The Gongwer Blog

How Long Will The Era Of Good Feelings Last?

By Zachary Gorchow
President of Michigan Operations
Posted: January 15, 2019 3:56 PM

There's something in the air in Lansing so far this year, something so unusual, it has startled longtime followers of the goings-on at the Capitol: a bipartisan tone.

Governor Gretchen Whitmer's inaugural address was full of bipartisan themes and outreach. House Speaker Lee Chatfield (R-Levering) invited all the living former speakers, Democrat and Republican, to the House's Opening Day session, and it was quite a sight seeing eight of the 11 on the rostrum to sign a tribute for the first day of the 100th Legislature. Mr. Chatfield held a news conference with Democratic Attorney General Dana Nessel on the House floor after the session in a move that surprised everyone.

The Michigan Supreme Court, which has a 4-3 majority of justices nominated by the Republican Party, elected a Democrat as chief justice with now-Chief Justice Bridget McCormack taking the reins of the high court. Even though the court has operated with a philosophical majority of two Democrats and two Republicans of late, this was still an eye-popping development.
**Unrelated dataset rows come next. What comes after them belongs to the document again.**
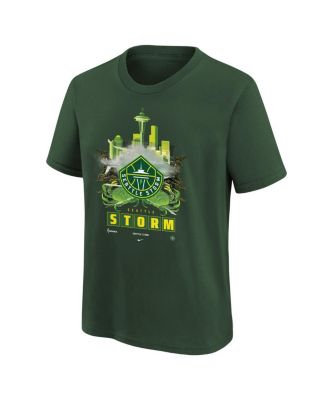 Big Boys and Girls Green Seattle Storm Original Content T-Shirt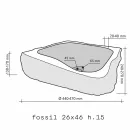 Lavabo da Appoggio Pezzo Unico in Legno Fossile Goa Viadurini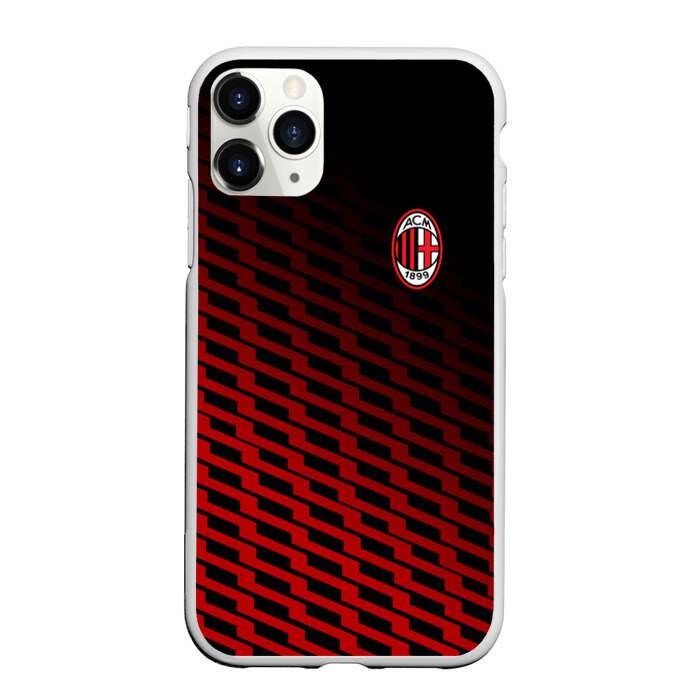 Чехол для iPhone 11 Pro матовый AC MILAN фото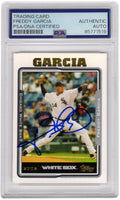 Freddy Garcia Signed Chicago White Sox 2005 Topps Baseball Trading Card #374 - (PSA Encapsulated) - GARCAR102 - Freddy Garcia Signed Chicago White Sox 2005 Topps Baseball Trading Card #374 - (PSA Encapsulated) product image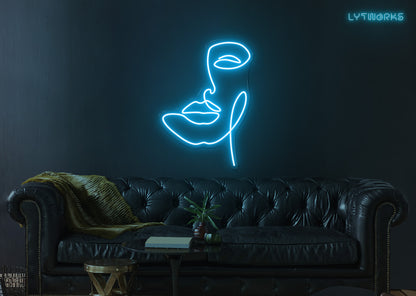 Neon Face Art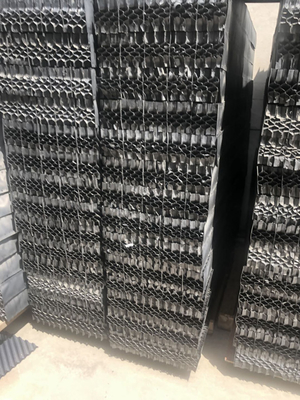 Zwarte van de de Afwijkingseliminator van Honingraat Cellulaire pvc de Koeltorencomponenten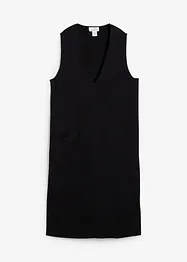 Stickad klänning i bomull, bonprix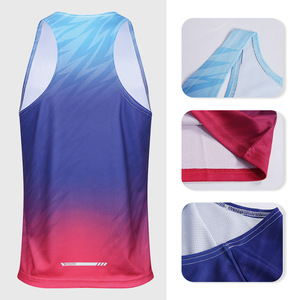 Custom Men's Tank Top Quick Dry Sublimation UPF 50+ UV Protection Fitness Sportswear Manufacturer - Product Image 4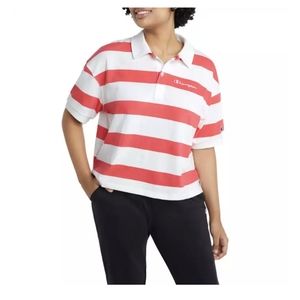 Champion Striped Jersey Polo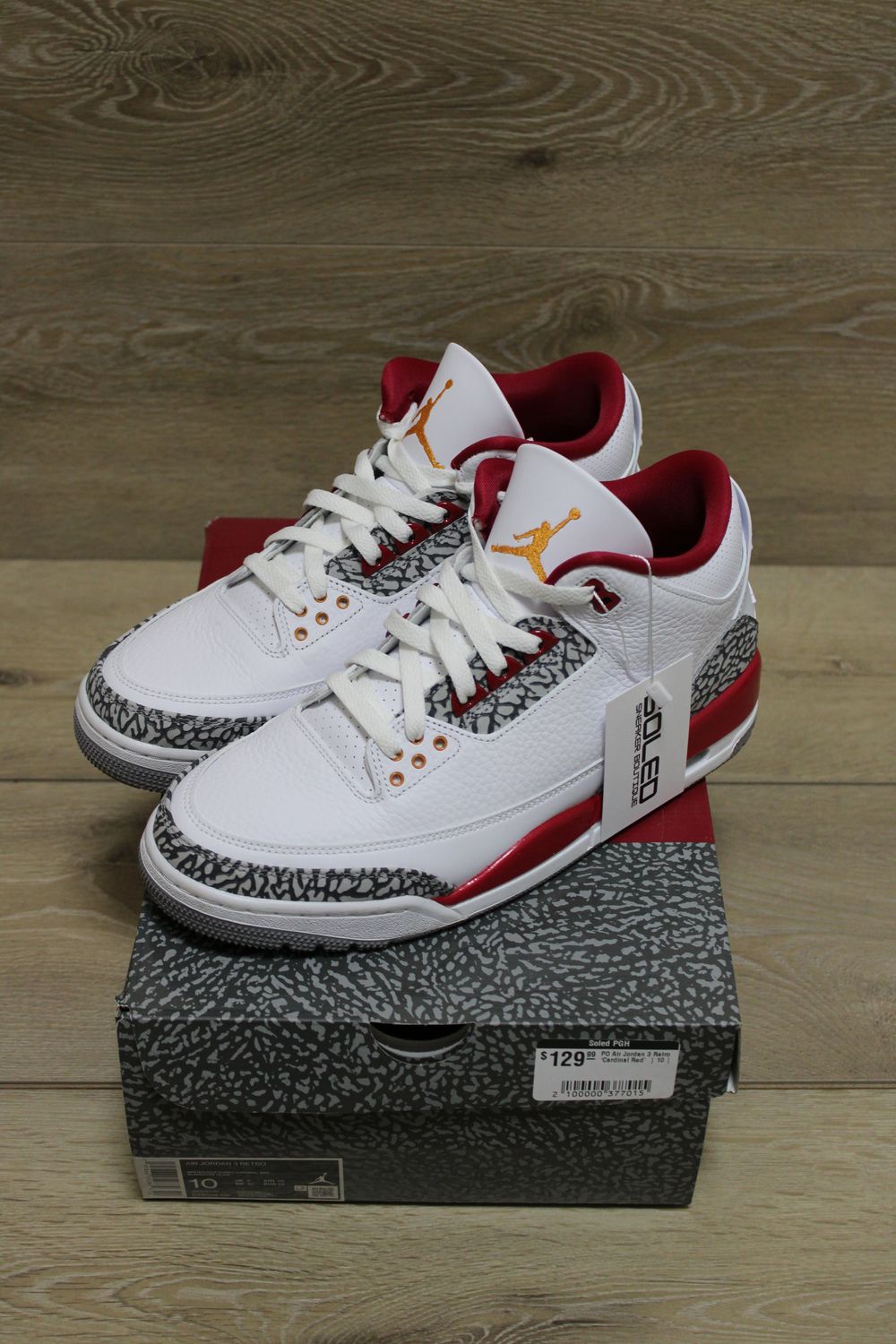 PO Air Jordan 3 Retro ‘Cardinal Red’ 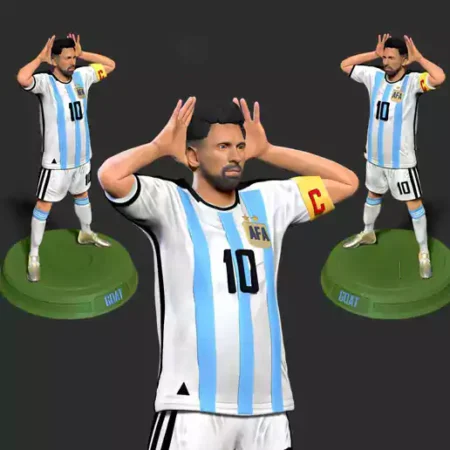 Lionel Messi World Cup 2022 STL Model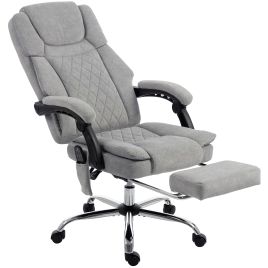 Camridg Grey Steel Vibration Massage Office Chair - 65.5cm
And the Michigan Senate – well, some things don't change. The honey badger of Michigan politics, former Senate Majority Leader Arlan Meekhof, may be gone as a result of term limits, but the Senate is still very much a Republican bastion after 35 years of GOP control. Even though the GOP majority shrunk from 27-11 to 22-16 – the biggest shift in seats in 40 years – Republicans have still kept lopsided margins on committees with only a slight increase in Democratic representation.

All that said, Mr. Meekhof's successor, Senate Majority Leader Mike Shirkey, isn't quite the partisan animal Mr. Meekhof is and is expected to take a more conciliatory approach.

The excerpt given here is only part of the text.